Autos sollen bei Tag und Nacht von der Technik erkannt werden. Vier Strecken in der Altmark, bei Dessau und in der Börde wurden für den dreijährigen Test ausgewählt. Am Dienstag wurde die Technik an der B 184 bei Zerbst (Landkreis Anhalt-Bitterfeld) installiert. An der Strecke hatten sich Wildunfälle zuletzt gehäuft. 2017 gab es 36 Zusammenstöße mit Rehen und Wildschweinen. Drei Menschen wurden dabei verletzt, einer starb.
Hintergrund des Projekts sind die seit Jahren überall steigenden Zahlen von Wildunfällen. Einer Statistik des Gesamtverbands der Deutschen Versicherungswirtschaft (GDV) zufolge ereigneten sich im vergangenen Jahr rund 275 000 Verkehrsunfälle mit Wildtieren auf deutschen Straßen – so viele wie noch nie seit Anfang der 1990er-Jahre. Das Statistische Bundesamt zählte 2017 mehr als 2500 Wildunfälle, bei denen Menschen verletzt wurden. In SachsenAnhalt waren Zusammenstöße mit Wildtieren im vergangenen Jahr bereits zum zweiten Mal in Folge die häufigste Unfallursache. Fast jeder fünfte Unfall fiel in diese Kategorie.

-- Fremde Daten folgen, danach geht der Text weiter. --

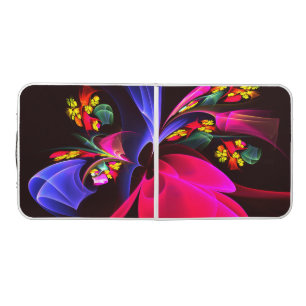 Modern Colorful Floral Abstract Art Pattern #06 Beer Pong Table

Nach Angaben des Verkehrsministeriums existieren bereits erste Studien zu akustischen Wildwarnern in Österreich. Die Ergebnisse von dort seien vielversprechend, erklärte Verkehrsminister Thomas Webel (CDU). Deshalb kommen die Geräte aus Österreich jetzt auch in Sachsen-Anhalt zum Einsatz. „Bis zur Serienreife haben wir rund fünf Jahre an den Geräten getüftelt“, berichtete Hubert Pfandlbauer, der die Technik 2013 zunächst im Rahmen einer Schulabschlussarbeit entwickelte. Auf Strecken in Österreich, auf denen die Geräte schon seit vielen Jahren verwendet werden, seien die Wildunfälle teils um mehr als 90 Prozent zurückgegangen.
Aufgestellt werden die Apparate in Sachsen-Anhalt jeweils nur auf halber Streckenlänge – so soll später das Unfallgeschehen mit und ohne Warnsystem verglichen werden können. Insgesamt sollen an den Teststrecken 350 Wildwarner platziert werden, die im Abstand von 30 bis 50 Metern an den Trägerpfosten am Straßenrand zu finden sind.

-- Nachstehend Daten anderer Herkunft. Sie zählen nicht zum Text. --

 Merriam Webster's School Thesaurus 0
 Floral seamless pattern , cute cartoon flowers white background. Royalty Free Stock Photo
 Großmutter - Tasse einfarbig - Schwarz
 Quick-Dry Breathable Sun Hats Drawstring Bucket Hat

Experten sind indes skeptisch, ob die Methode tatsächlich so gut funktioniert. Erste Erkenntnisse deuteten an, dass akustische Warner nur kurzzeitig oder gar nicht wirkten, sagte der Leiter der Unfallforschung der Versicherer, Siegfried Brockmann. Zwar sei das Wild von den Pieptönen anfangs irritiert und frage sich offenbar, ob das gefährlich sei. „Wenn es aber eine Weile feststellt, dass von dem Piepen keine Gefahr ausgeht, blendet es das aus.“Es könne jedoch nicht schaden, solche neuen Methoden auszuprobieren. Noch gebe es keine umfassenden wissenschaftlichen Untersuchungen dazu.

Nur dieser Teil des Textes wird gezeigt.